I can only say that I can find no difference in the audio playback between Rockbox, Sansa Original Firmware, or playback on my desktop via mplayer,  except in output level.  This music doesn't have any complexity (it's clearly unusual music but that is a  different matter), its dynamic range is rather narrow, it is in no way a loud master and it presents no playback challenges or issues of any kind.  I can only wonder if Yard-Ape's initial post is indeed factual and not intended as an exercise in jazz hipster irony.



Code: [Select]
$ mediainfo 03\ -\ The\ Snake\ As\ Road\ Sign.ogg 
General
Complete name                            : 03 - The Snake As Road Sign.ogg
Format                                   : OGG
File size                                : 22.6 MiB
Duration                                 : 17mn 6s
Overall bit rate mode                    : Variable
Overall bit rate                         : 185 Kbps
Album replay gain                        : 1.38 dB
Album replay gain peak                   : 0.906816
Album                                    : Atlanta
Track name                               : The Snake As Road Sign
Track name/Position                      : 03
Performer                                : Evan Parker
Genre                                    : hipster jazz dissonance (I invented this genre a minute ago)

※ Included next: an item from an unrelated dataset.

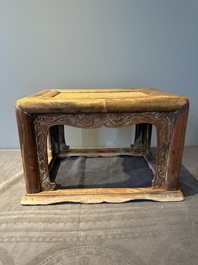 A Chinese rectangular huanghuali wooden stool with 'chilong' design, 17/18th C.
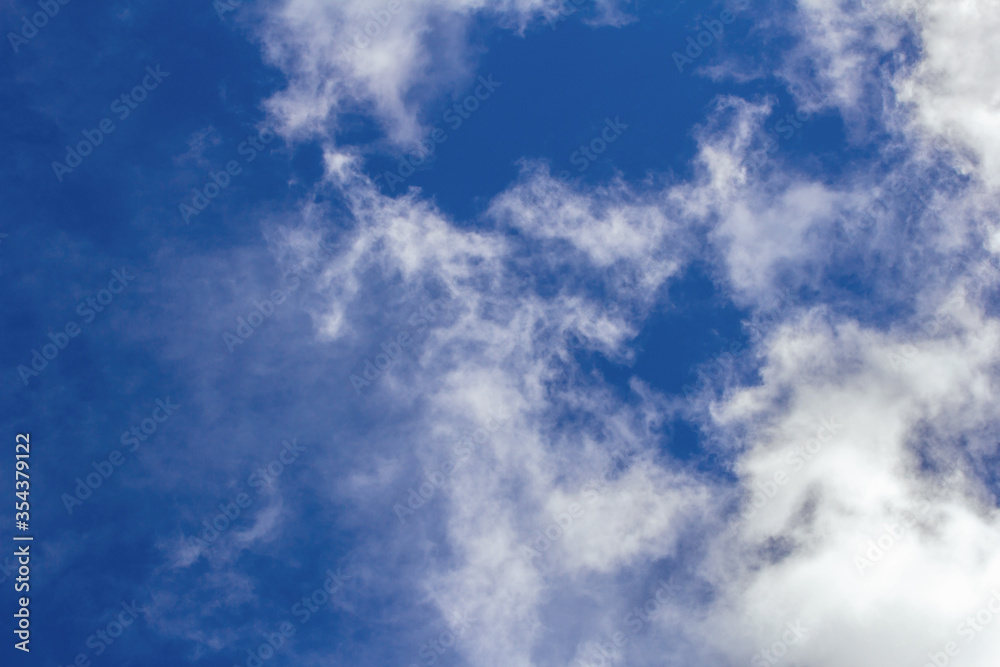 Fototapeta premium Light cumulus clouds in the blue sky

Recorded date                            : 1990

Audio
ID                                       : 964310449 (0x397A35B1)
Format                                   : Vorbis
Format settings, Floor                   : 1
Duration                                 : 17mn 6s
Bit rate mode                            : Variable
Bit rate                                 : 224 Kbps
Channel(s)                               : 2 channels
Sampling rate                            : 44.1 KHz
Compression mode                         : Lossy
Replay gain                              : 4.32 dB
Replay gain peak                         : 0.327418
Stream size                              : 27.4 MiB
Writing library                          : libVorbis (Everywhere) (20100325 (Everywhere))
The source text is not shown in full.